The comments that went with this code suggested it was something to do with tracking nested loop joins. Given the references to the dba_hist_xxxx views – from the AWR (automatic workload repository) – you will realise that this query is supposed to do something with Oracle 10g. The question is what?

Roughly speaking, the query is looking for historic executions plans which used nested loop joins and producing a report that is attempting to produce some measures of work done by nested loops, showing the variation over time. In principal this could be a good thing as it allows us to ask things like: how did metric X today compare with metric X yesterday (or on the same day last week if we adjust the AWR defaults to keep two weeks of data); how did metric Y look different around 3:00 pm today when the users were complaining about the performance. But before you get too keen on any particular metrics, you need to make sure that you define them properly and write code that calculates them properly. Let’s look closely at this script:

First – the joins. The primary key on wrm$_snapshot (the thing underpinning dba_hist_snapshot) is defined as (dbid, snap_id, instance_number). A single repository can hold information from multiple databases (identified by dbid) and many instance from the same database (instance_number). Virtually every table in the workload repository has the same critical columns – because each set of snapshot statistics belongs to one instance of one database. So if you’ve managed to get multiple databases, or multiple instances, collecting statistics into the same repository then the results from your query are going to get distorted in all sorts of strange ways if you don’t get this basic join right.

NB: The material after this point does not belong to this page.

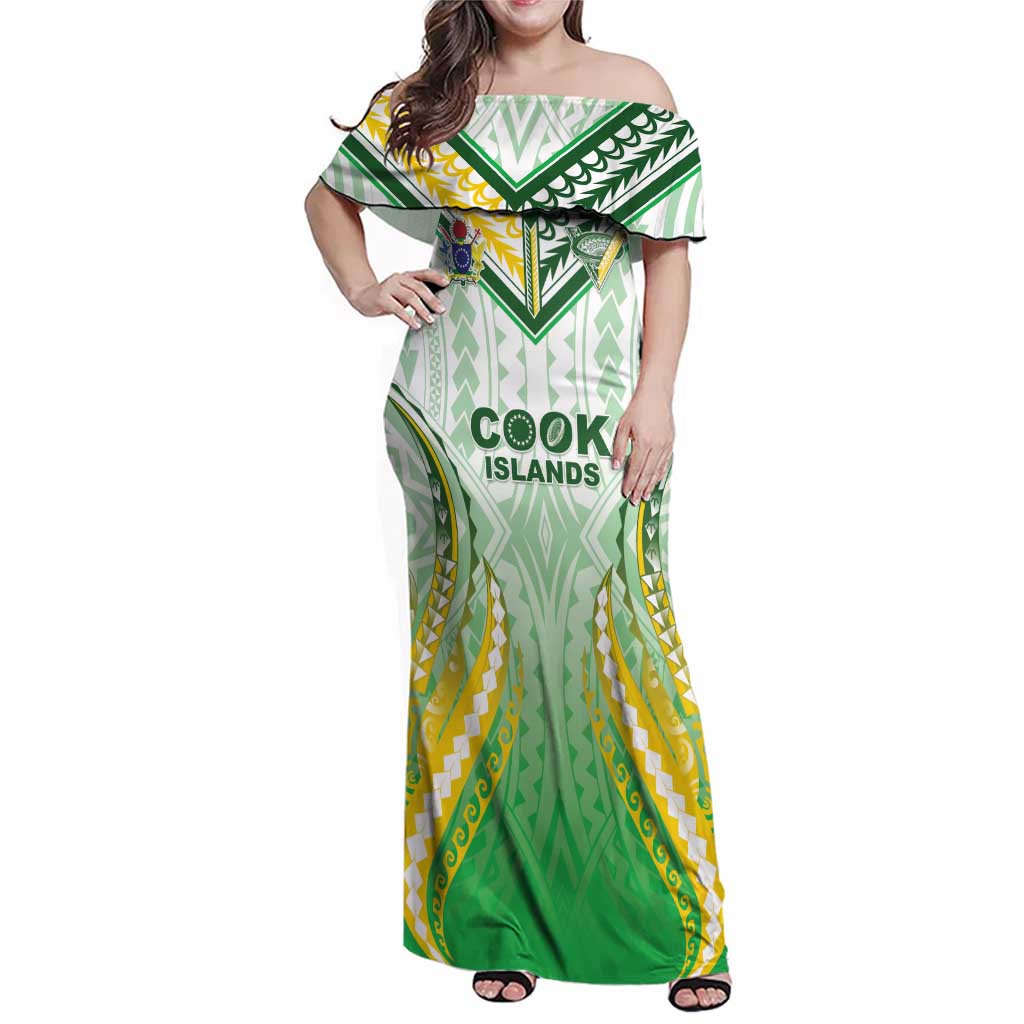 Custom Cook Islands Rugby Family Matching Off Shoulder Maxi Dress and Hawaiian Shirt Unique Style White Version - Polynesian Pride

Second (corrected Sept 2006) – the joins, again. The view dba_hist_sqlstat is based on the dynamic performance view v$sqlarea_plan_hash  Each SQL statement could end up with multiple execution plans, and in the more well-known dynamic performance views there is a column called child_number that acts as part of the key to the data. But child numbers are irrelevant (for obvious reasons) in the history tables – so the history collects statistics summarized by execution plan – which is what you find in v$sqlarea_plan_hash If two child cursors have different execution plans they will have different plan hash values – so it is the column plan_hash_value that becomes part of the key to dba_hist_sqlstat and dba_hist_sql_plan (or rather their underpinning tables). This is another column that should be in the query’s join clause. If you omit it, the reported impact of a query in the result set will be scaled up by a factor dependent on the number of execution plans for that query.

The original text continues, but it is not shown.